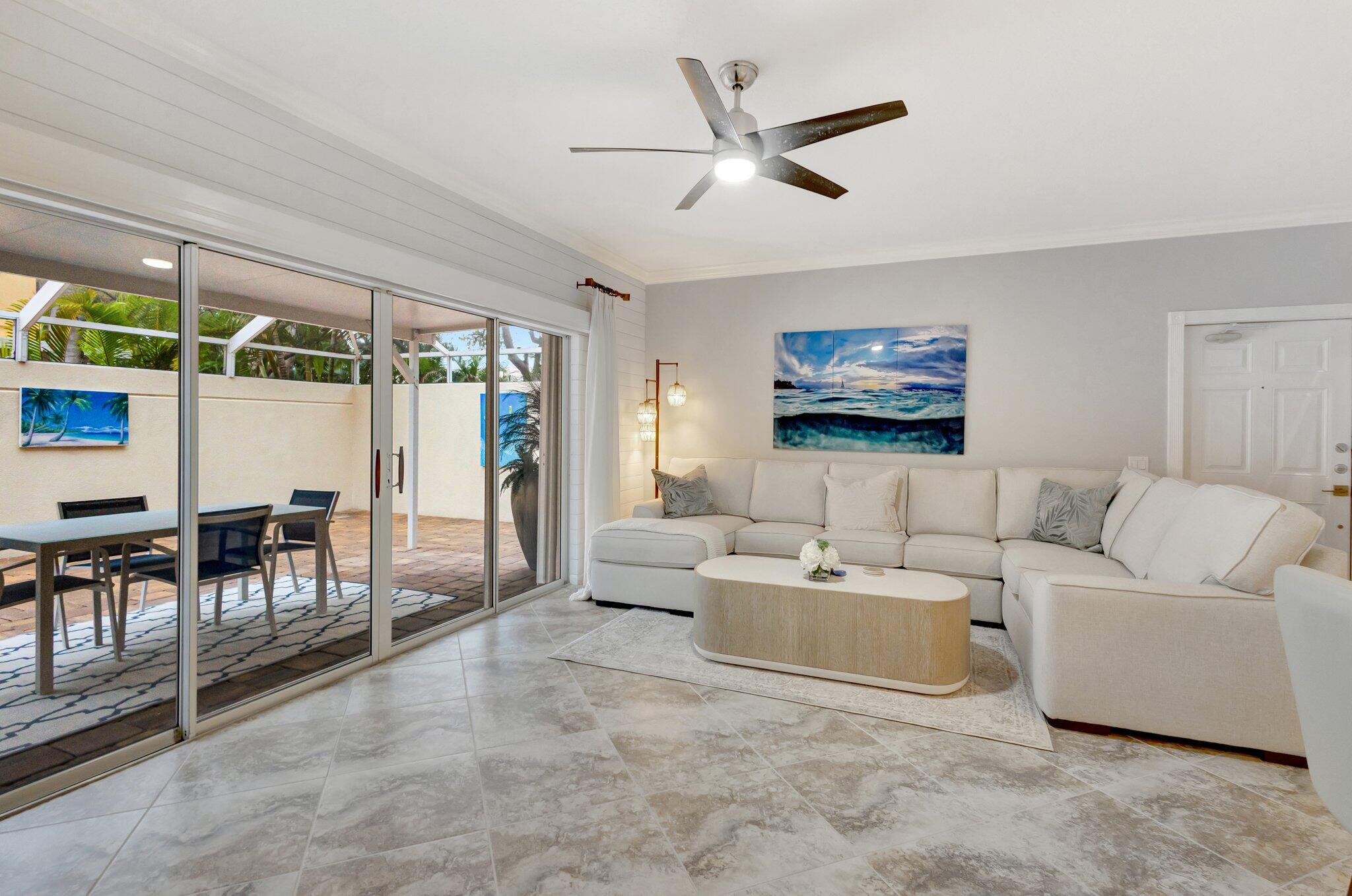 39 Laurel Oaks Circle Tequesta, FL 33469 - Photo 8 of 47 a living room with furniture and a large window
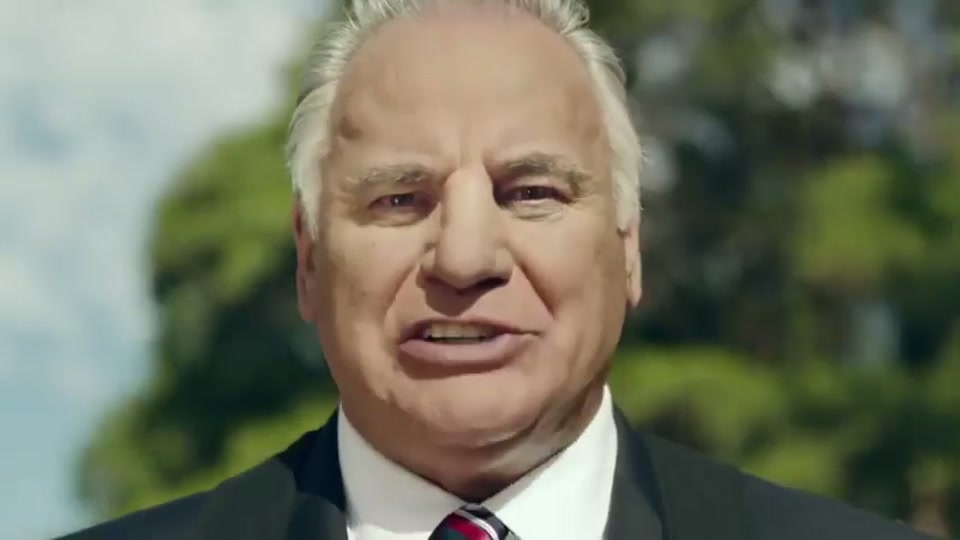 Generation Lamb (2014), scene 6 at 00:55: Kekovich stands facing the camera, now wearing the baby from the previous scene in a front-facing baby carrier. The on-screen text appears next to him.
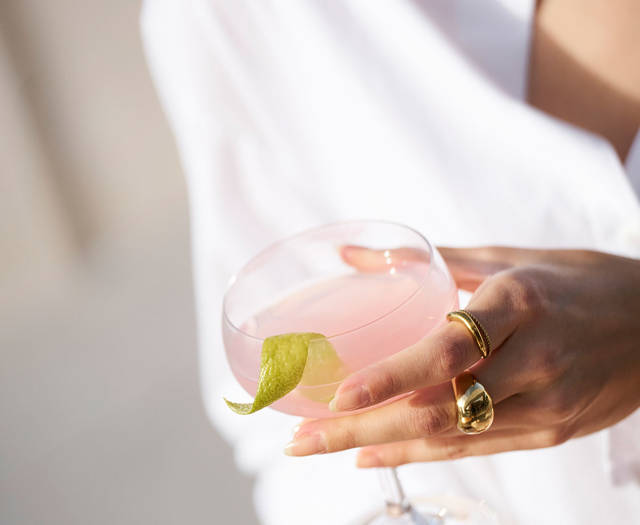 Close-up of a woman in a white shirt holding a pink cocktail garnished with a lime twist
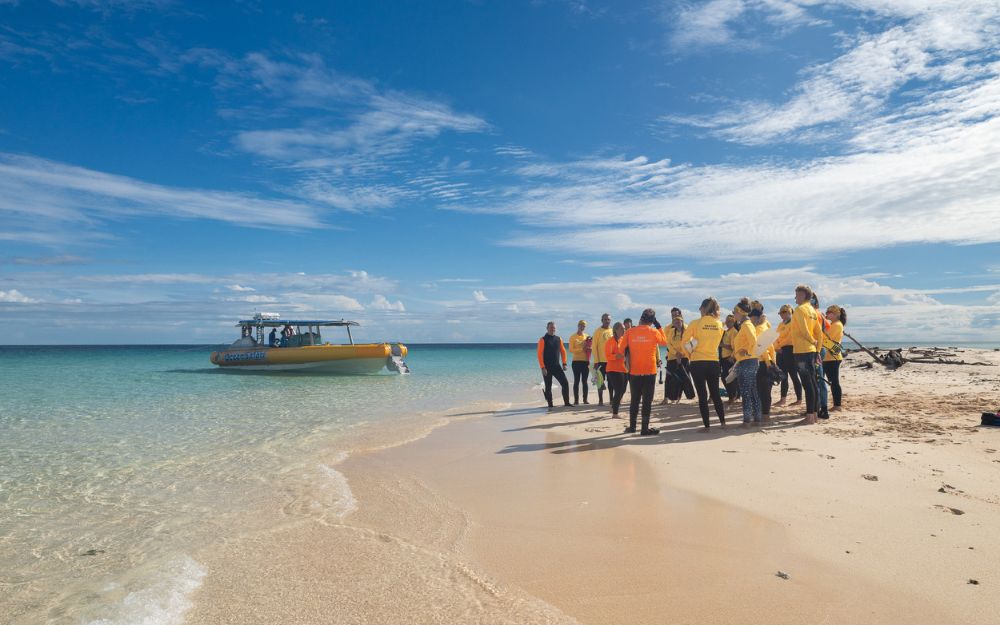 Group of people on a beach with a yellow tender boat in the water.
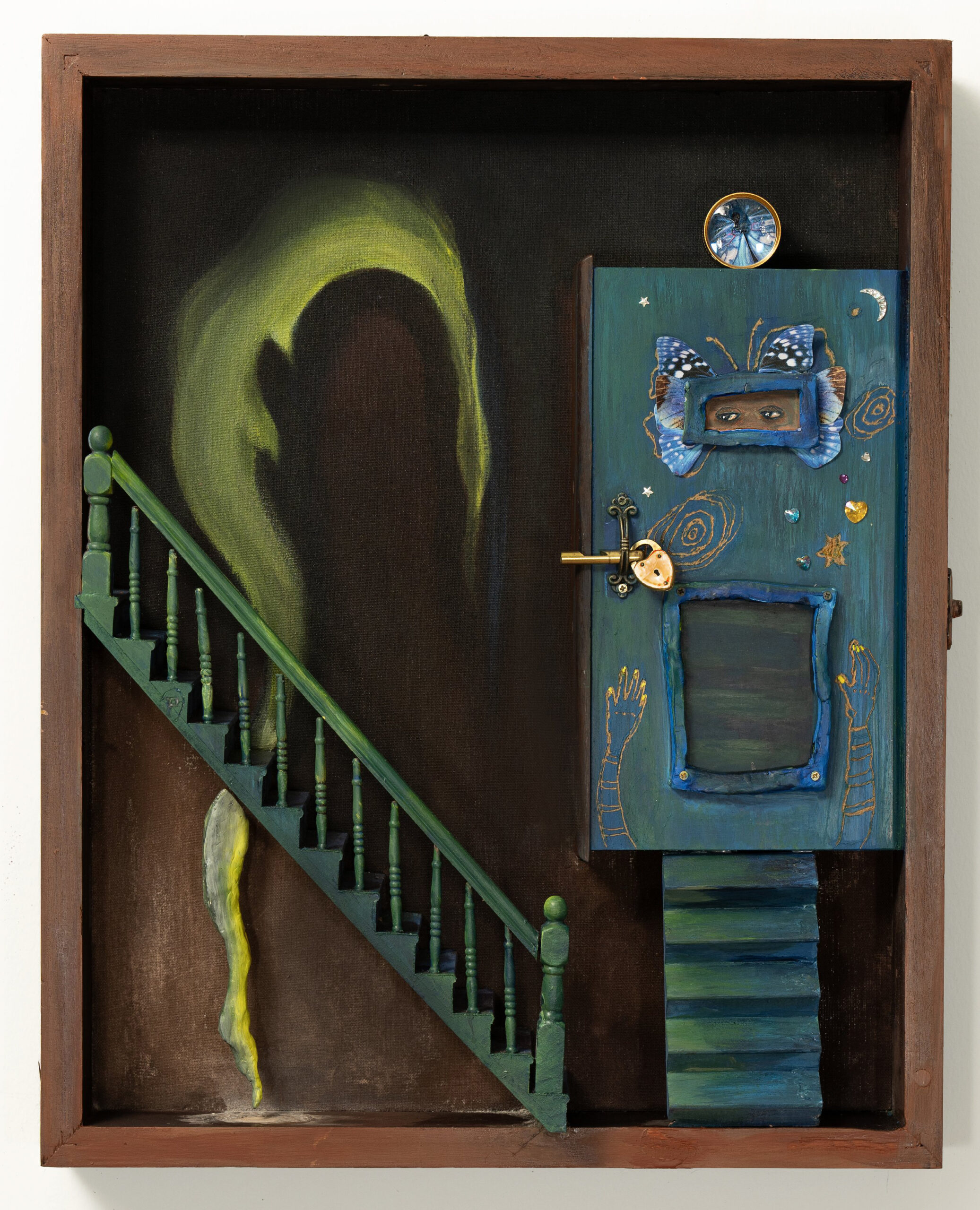 Shadow box artwork featuring a mysterious staircase painted green, leading to a blue door adorned with butterfly motifs, eyes, and golden accents. A faint, glowing silhouette emerges in the dark background, evoking an eerie presence. Below the stairs, a yellow and gray dripping form adds a surreal touch.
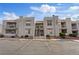 Multi-Gathering apartment building with parking lot and beige stucco facade at 6800 E Lake Mead Blvd # 1033, Las Vegas, NV 89156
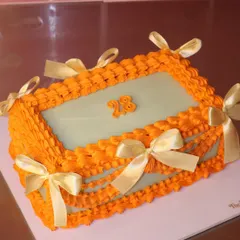 A celebration in itself. This rectangular cake features bold orange Lambeth-style piping and is adorned with delicate golden ribbons for an elegant finish.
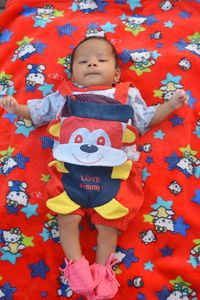 High angle view of cute baby lying on bed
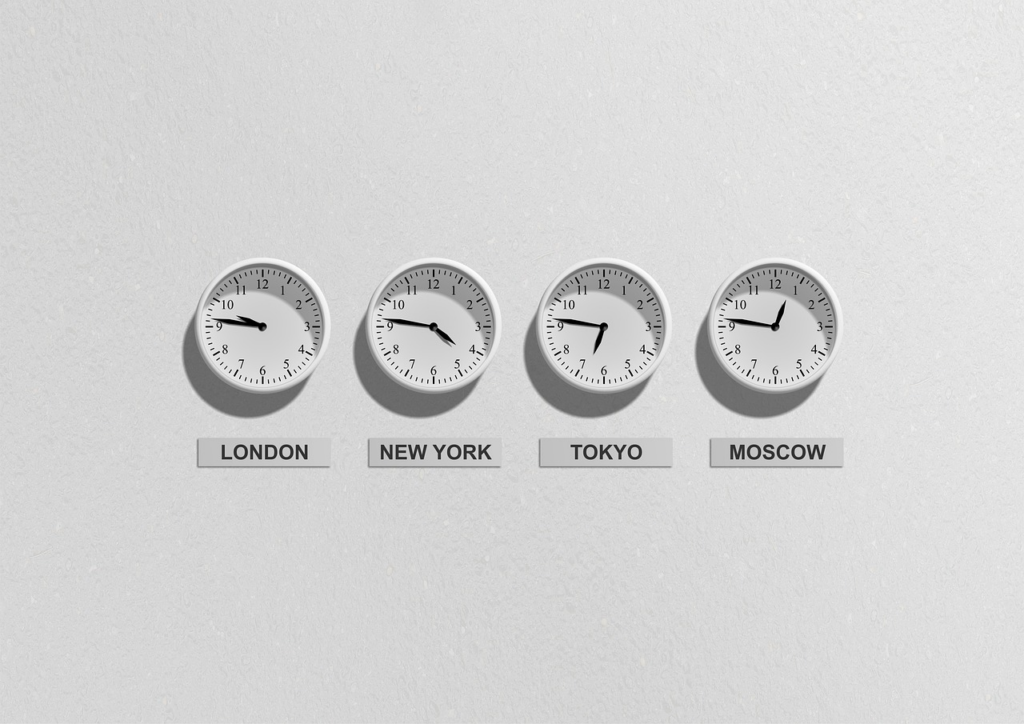 wall of clocks in different time zones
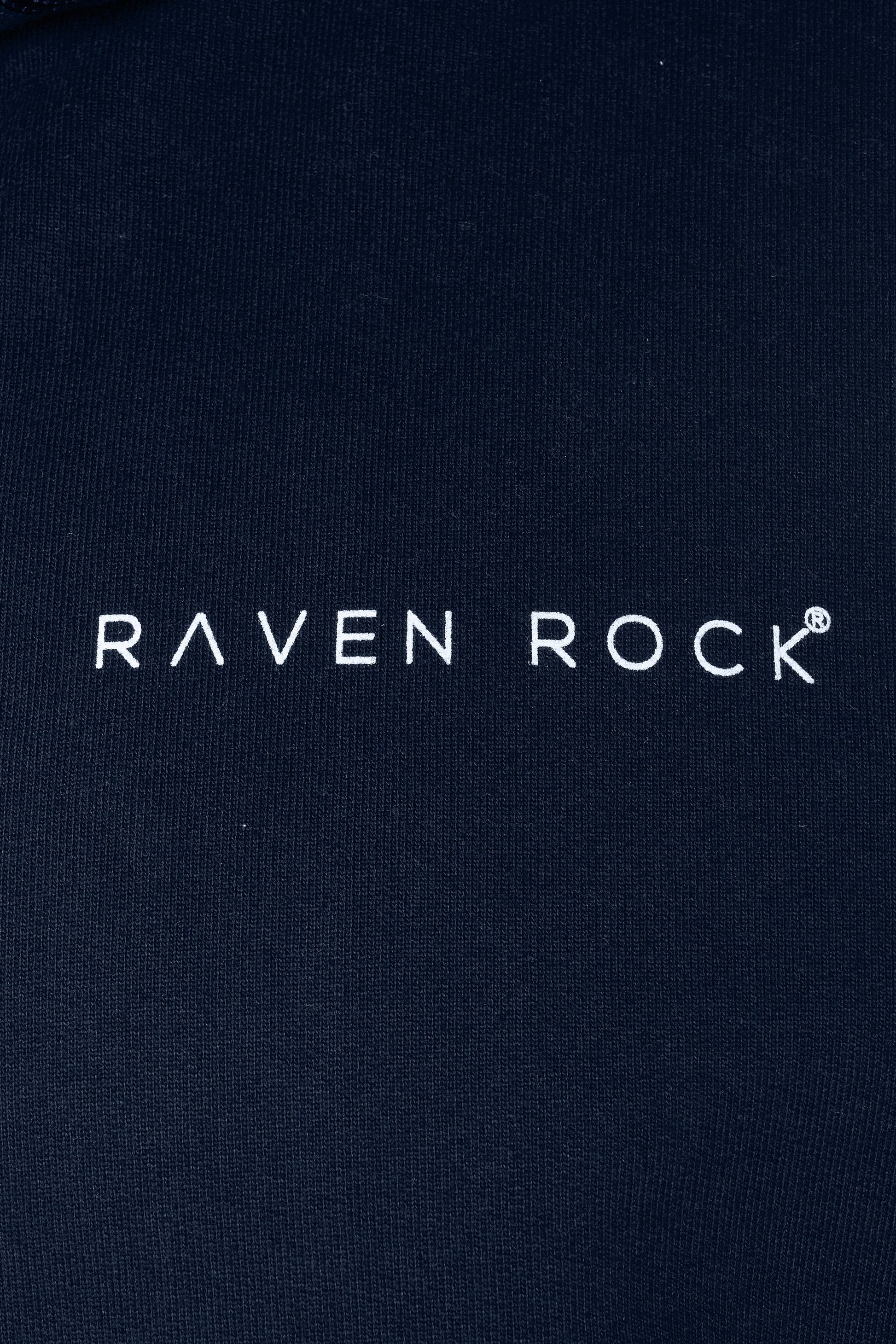 Close-up of RAVEN ROCK chest logo on navy hoodie – made in the UK from traceable cotton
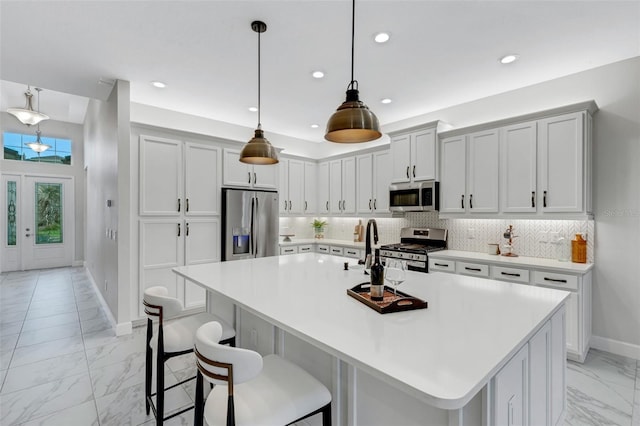 kitchen featuring a large island with sink, appliances with stainless steel finishes, a kitchen bar, pendant lighting, and decorative backsplash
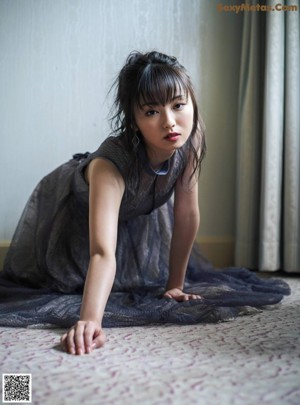 A woman laying on top of a bed next to a window.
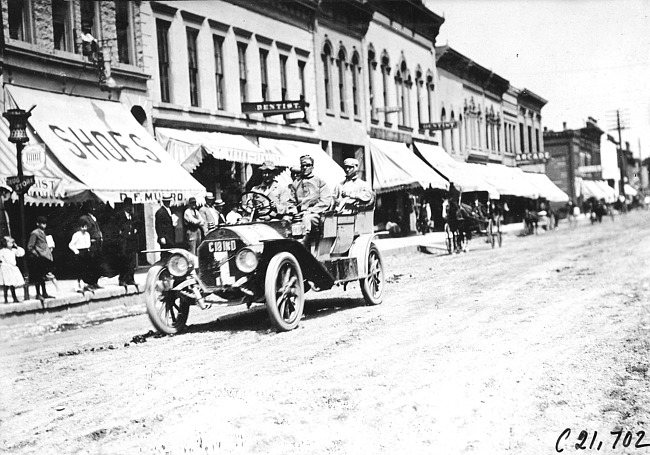 Webb Jay in Premier car passing through Faribault, Minn., at 1909 Glidden Tour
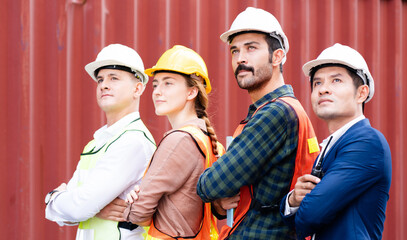 Happiness of labor group and workers. Teamwork and determination to succeed. Safety helmet to prevent accidents while working. Transport and Container Team. Concept key worker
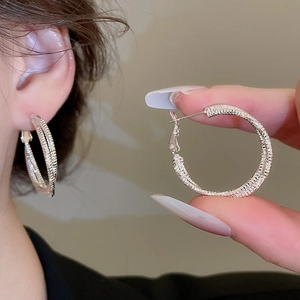 Close-up of textured silver hoop earrings with diamond-cut finish and hinge closure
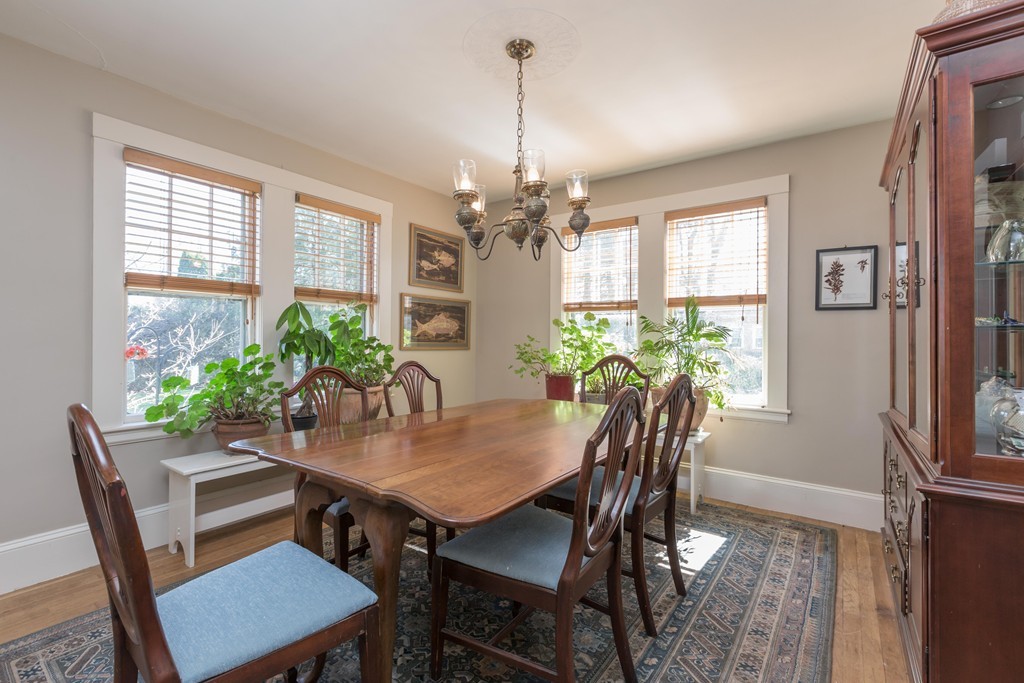 18 Rider Terrace Newton, MA 02466 - Photo 2 of 19 a view of a dining room with furniture window and wooden floor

> _What to do_
The stretch above running from the line with "Generation Lamb (2014), scene" through the line with "Close-up of RAVEN" is all you should copy, exactly, leaving out the pictures.

> _Reply to the exercise_
 Generation Lamb (2014), scene 6 at 00:55: Kekovich stands facing the camera, now wearing the baby from the previous scene in a front-facing baby carrier. The on-screen text appears next to him.
 Close-up of a woman in a white shirt holding a pink cocktail garnished with a lime twist
 Group of people on a beach with a yellow tender boat in the water.
 Shadow box artwork featuring a mysterious staircase painted green, leading to a blue door adorned with butterfly motifs, eyes, and golden accents. A faint, glowing silhouette emerges in the dark background, evoking an eerie presence. Below the stairs, a yellow and gray dripping form adds a surreal touch.
 Multi-Gathering apartment building with parking lot and beige stucco facade at 6800 E Lake Mead Blvd # 1033, Las Vegas, NV 89156
 A celebration in itself. This rectangular cake features bold orange Lambeth-style piping and is adorned with delicate golden ribbons for an elegant finish.
 High angle view of cute baby lying on bed
 wall of clocks in different time zones
 Close-up of RAVEN ROCK chest logo on navy hoodie – made in the UK from traceable cotton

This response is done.